ICF employees include administrators and managers; nursing aides, orderlies, and attendants; licensed practical nurses and registered nurses; food service workers; cleaning supervisors, janitors, maids, and housekeepers; laundry and dry cleaning workers; maintenance personnel; and recreation workers.

In 1992, the average number of employees per establishment was 45 (compared to 13 employees per establishment for service industries as a whole).

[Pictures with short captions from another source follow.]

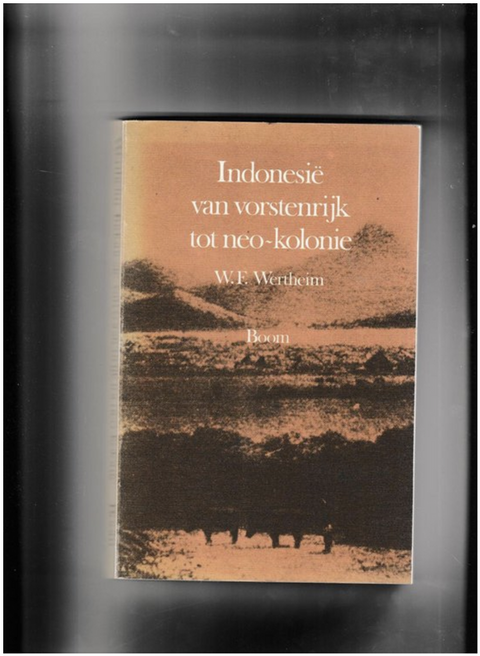 Indonésie : de la monarchie à la néo-colonie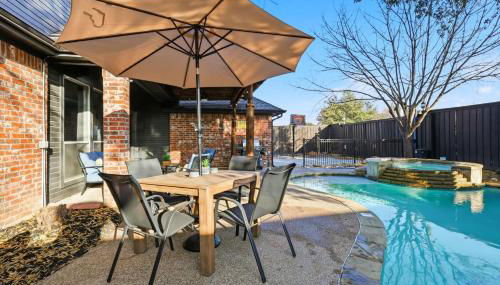 Luxury Backyard Pool & Patio Oasis 4-BD - Foto 2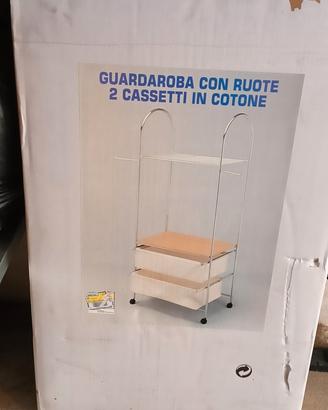 appendiabiti con cassetti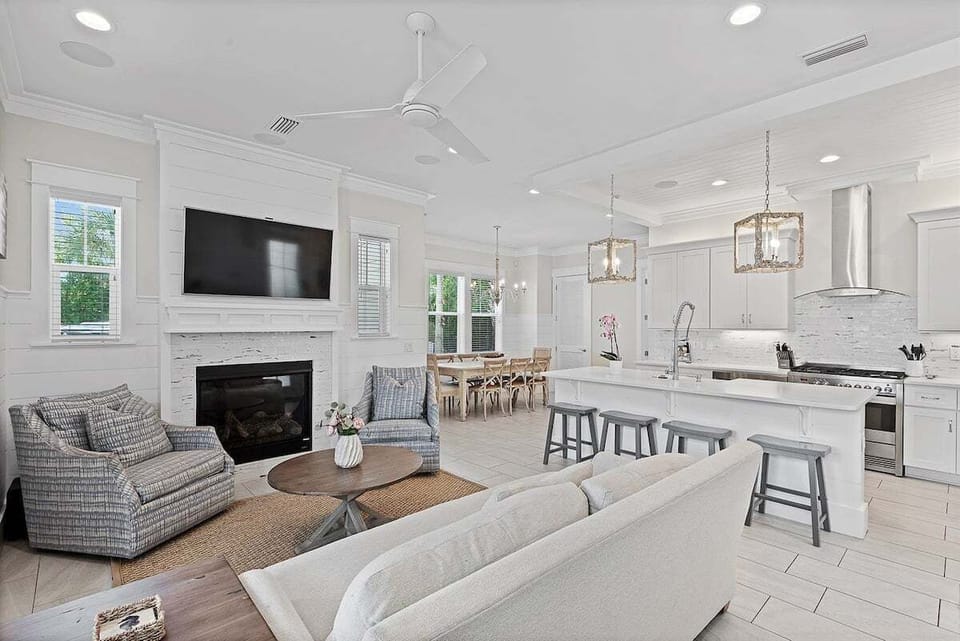 A bright, open floor plan combines your living room, kitchen, and dining area so nobody is left out.
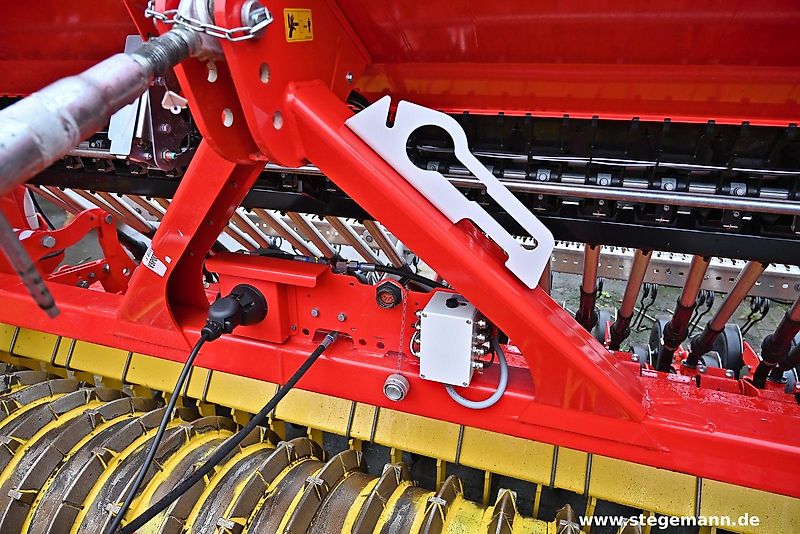 Pöttinger Lion 3002 Kreiselegge + Vitasem 302 ADD Sämaschine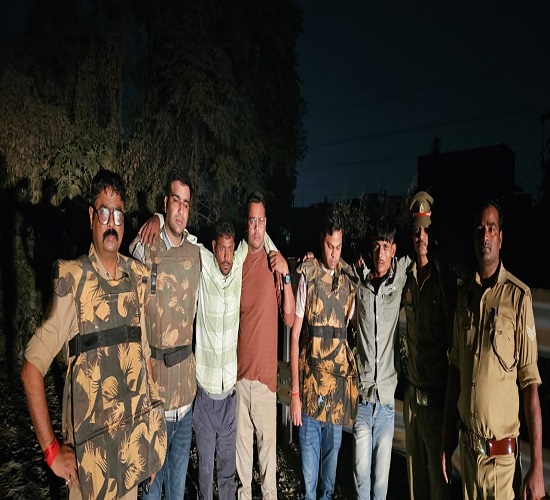 कानपुर: पुलिस मुठभेड़ में दो सगे भाई गोली लगने से घायल,दोनों का है आपराधिक इतिहास कानपुर: पुलिस मुठभेड़ में दो सगे भाई गोली लगने से घायल,दोनों का है आपराधिक इतिहास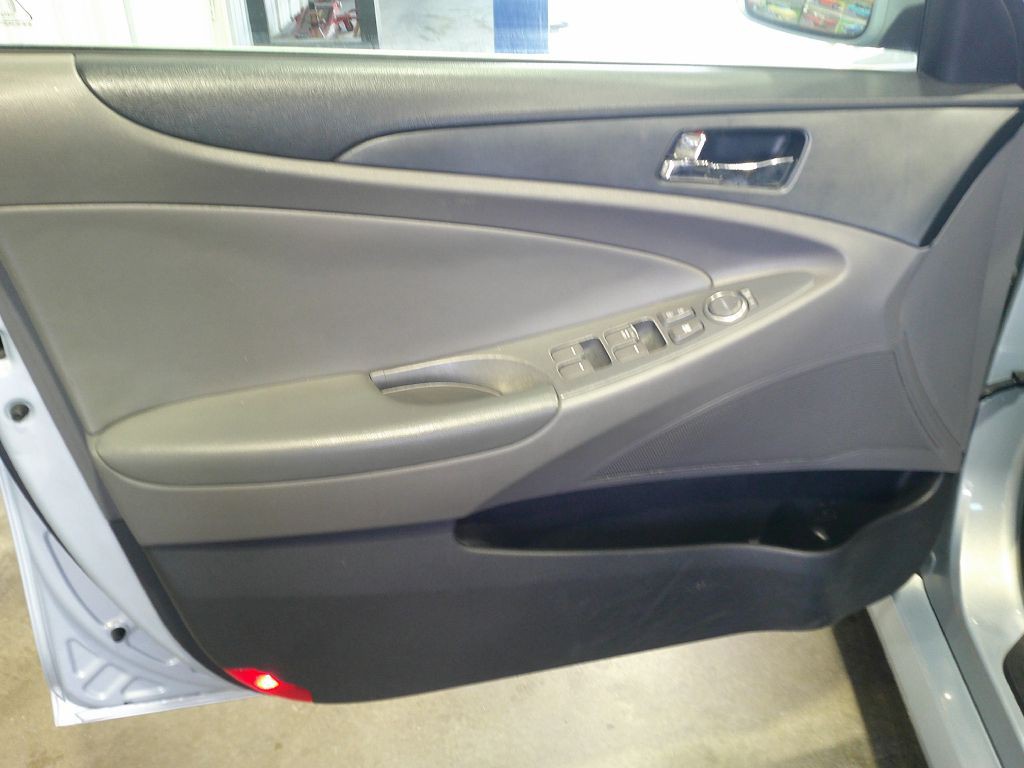 2014 Hyundai Sonata Image 7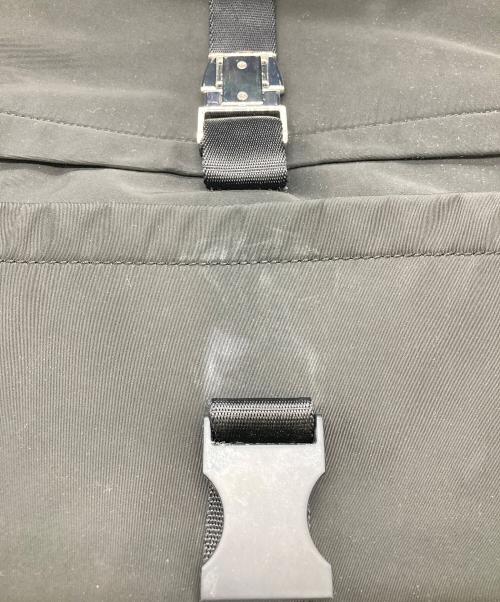 COLE HAAN（コールハーン）COLE HAAN (コールハーン) ナイロン フラップ バックパック ブラックの古着・服飾アイテム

In proprietary establishments, the average number of employees was 50; in tax-exempt establishments, the average number was 46. In 1995, ICFs accounted for a total of 212,800 employees, of which 191,400 worked in nonsupervisory positions. The states with the greatest concentration of ICF employees were Ohio (23,402 employees, or 9.3 percent of the national total), Illinois (20,656 employees, or 8.2 percent of the national total), and New York (16,789 employees, or 6.6 percent of the national total).

In 1996, ICFs employed 220,700 persons who earned an average of $8.51 an hour and worked an average of 31.8 hours a week. By 1999, ICFs in the United States employed 202,200 people.

Further Reading

Centers for Medicare & Medicaid Services. Intermediate Care Facility for People with Mental Retardation Program, 2003. Available from http://cms.hhs.gov .

Daykin, Tom. "Sun Prairie, Wis., Company Expands Chain of Assisted Living Centers." The Milwaukee Journal Sentinel, 4 July 2001.

Green, Meg. "Universal American Buys Elder-Care Service Company." Bestwire, 26 November 2001.

Health Care Financing Administration. Medicaid Recipients by Type of Service. 2003. Available from http://www.hcfa.gov .

——. Medicaid Vendor Payments by Type of Service. 2003. Available from http://www.hcfa.gov .

——. The Medicaid Program. 2003. Available from http://www.hcfa.gov .

"Res-Care Accepts $700 Million Buyout Offer." New York Times, 13 April 2000.

State of California. Department of Developmental Services. "ICFs." 2003. Available from http://www.dds.cahwnet.gov .



User Contributions:

1
Allen Metzner
I am searching for information on ICF facilities that care for adults that do not have a developmental disability. Specifically I am interested in Mental Health facilities that care for people that have frequent need of medical intervention. An example is an individual who has schizoaffective disorder and who has brittle diabetes. This person may require insulin coverage frequently and is not able to self administer the insulin.